Die Anhebung des Mindestlohns und die Regulierung von Leiharbeit und Werkverträge wären der richtige politische Schritt, um dieser Entwicklung entgegenzuwirken. Doch was die Bundesregierung bisher zu Leiharbeit und Werkverträgen vorgelegt hat, ist reiner Etikettenschwindel. Ein Gesetzentwurf zur Regulierung von Werkverträgen und Leiharbeit, der zum Herbst 2015 angekündigt war, blieb bisher aus. Der Mindestlohn, auf den sich die Bundesregierung seither auszuruhen scheint und dessen Erfolg sie im Jahreswirtschaftsbericht mehrfach hervorhebt, ist deutlich zu niedrig und dazu löchrig. Es gleicht einer Satire, wenn man, wie die Bundesregierung, bei Leiharbeit gleichen Lohn für gleiche Arbeit nach neun Monaten Beschäftigungszeit fordert, obwohl man weiß, dass 54 Prozent der Leiharbeitsverhältnisse weniger als drei Monate dauern. Es ist nützt ebenso wenig, wenn man die Überlassungsdauer bei der Leiharbeit auf 18 Monate beschränken will, obwohl man weiß, dass nur 13,8 Prozent der Leiharbeitsverhältnisse länger als 18 Monate dauern. Leiharbeit gehört eigentlich verboten!  Was wir mindestens brauchen, ist gleicher Lohn für gleiche Arbeit ab dem ersten Überlassungstag und ein 10-prozentiger Flexibilitätszuschlag bei Leiharbeit wie in Frankreich. Werkverträge ersetzen zunehmend Leiharbeit. Auch hier bleibt die Regierung eine Regulierung schuldig. Was Ministerin Nahles bisher zu der Regulierung von Werkverträgen vorgelegt hat, ist unzureichend. Und selbst dagegen hat die Bundeskanzlerin nun Einspruch eingelegt. Das zeigt, dass sie eigentlich gar keine Regelung will.

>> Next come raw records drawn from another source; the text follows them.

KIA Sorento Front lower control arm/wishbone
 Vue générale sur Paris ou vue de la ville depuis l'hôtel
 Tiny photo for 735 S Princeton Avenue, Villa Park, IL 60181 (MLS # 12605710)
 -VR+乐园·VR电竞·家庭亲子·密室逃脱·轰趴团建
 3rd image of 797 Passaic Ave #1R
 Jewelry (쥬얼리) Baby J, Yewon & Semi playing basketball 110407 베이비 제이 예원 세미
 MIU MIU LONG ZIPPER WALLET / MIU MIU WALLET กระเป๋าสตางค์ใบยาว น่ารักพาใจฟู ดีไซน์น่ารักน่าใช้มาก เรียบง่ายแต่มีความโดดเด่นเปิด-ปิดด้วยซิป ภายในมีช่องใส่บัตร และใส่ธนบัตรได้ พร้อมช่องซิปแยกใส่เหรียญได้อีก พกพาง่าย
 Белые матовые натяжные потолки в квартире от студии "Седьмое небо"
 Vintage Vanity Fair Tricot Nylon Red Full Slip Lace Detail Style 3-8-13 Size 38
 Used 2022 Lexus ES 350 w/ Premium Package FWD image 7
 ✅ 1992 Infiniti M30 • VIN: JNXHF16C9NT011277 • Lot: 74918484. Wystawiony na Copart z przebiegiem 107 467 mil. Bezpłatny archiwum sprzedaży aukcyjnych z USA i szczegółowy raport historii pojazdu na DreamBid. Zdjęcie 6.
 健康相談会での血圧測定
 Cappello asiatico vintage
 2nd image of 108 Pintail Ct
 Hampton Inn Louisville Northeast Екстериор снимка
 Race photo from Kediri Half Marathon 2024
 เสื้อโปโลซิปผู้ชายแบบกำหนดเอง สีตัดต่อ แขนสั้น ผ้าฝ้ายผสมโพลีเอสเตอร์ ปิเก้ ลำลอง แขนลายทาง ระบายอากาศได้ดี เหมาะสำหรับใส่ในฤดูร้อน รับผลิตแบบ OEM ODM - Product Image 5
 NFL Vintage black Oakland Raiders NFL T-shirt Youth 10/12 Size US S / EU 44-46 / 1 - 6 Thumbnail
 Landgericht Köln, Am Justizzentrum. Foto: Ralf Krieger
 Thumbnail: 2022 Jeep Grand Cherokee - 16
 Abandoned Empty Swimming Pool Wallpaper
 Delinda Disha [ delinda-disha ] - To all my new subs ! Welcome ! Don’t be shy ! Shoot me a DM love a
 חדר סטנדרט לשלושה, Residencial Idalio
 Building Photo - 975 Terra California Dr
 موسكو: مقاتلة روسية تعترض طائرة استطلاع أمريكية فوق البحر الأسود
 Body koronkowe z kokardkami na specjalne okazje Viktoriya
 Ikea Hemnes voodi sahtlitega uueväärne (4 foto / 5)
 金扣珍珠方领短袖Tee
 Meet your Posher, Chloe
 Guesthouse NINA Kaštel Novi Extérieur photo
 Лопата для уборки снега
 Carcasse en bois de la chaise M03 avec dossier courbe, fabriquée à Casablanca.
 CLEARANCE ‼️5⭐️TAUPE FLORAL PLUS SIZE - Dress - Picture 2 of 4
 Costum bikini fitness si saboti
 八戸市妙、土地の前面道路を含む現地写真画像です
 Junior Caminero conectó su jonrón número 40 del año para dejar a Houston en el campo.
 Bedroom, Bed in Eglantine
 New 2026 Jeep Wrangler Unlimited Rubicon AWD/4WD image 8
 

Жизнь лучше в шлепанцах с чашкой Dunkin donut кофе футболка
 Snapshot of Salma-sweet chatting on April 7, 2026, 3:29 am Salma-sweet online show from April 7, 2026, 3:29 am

Große Koalition hält an Politik der Billiglöhne fest

Die Bundesregierung macht Politik nach dem Motto: Wenn du sie nicht überzeugen kannst, dann verwirre sie. Anders ist es nicht zu erklären, wenn die Bundesregierung öffentlich die Tarifautonomie lobt, sie aber faktisch durch die Tarifeinheit beschneidet und durch Untätigkeit bei Leiharbeit und Werkverträgen aushöhlt. Die Bundesregierung versucht sich auch, wie unlängst in einer Antwort auf eine Kleine Anfrage von uns im Dezember, aus der Verantwortung zu stehlen indem sie argumentiert, dass Lohnpolitik ausschließlich Aufgabe der Gewerkschaften sei. Doch 42 Prozent der Beschäftigten haben überhaupt keinen Tarifvertrag – jedenfalls nicht mehr. Mit der Deregulierung des Arbeitsmarktes im Zuge der Agenda 2010 ist die Tarifbindung in der Bundesrepublik drastisch gesunken. Gleichzeitig hat sich in der Bundesrepublik ein riesiger Niedriglohnsektor etabliert – einer der größten der EU. Die Agenda-"Reformen" haben den Arbeitsmarkt in einem desolaten und zutiefst gespaltenen Zustand hinterlassen. Die Ausnahmeregelungen beim Mindestlohn und die Verzögerungstaktik bei der Regulierung von Leiharbeit und Werkverträgen zeigen: Auch die Große Koalition hält an der Politik der Billiglöhne fest. Damit nimmt die Bundesregierung hin, dass die Ungleichheit in diesem Land weiter steigt. Denn selbst in ihrem eigenen Jahreswirtschaftsbericht 2016 geht die Bundesregierung davon aus, dass die Gewinne schneller steigen als die Löhne. Es ist de-facto eine Umverteilung von unten nach oben. Mit sozialer Gerechtigkeit hat das nichts zu tun.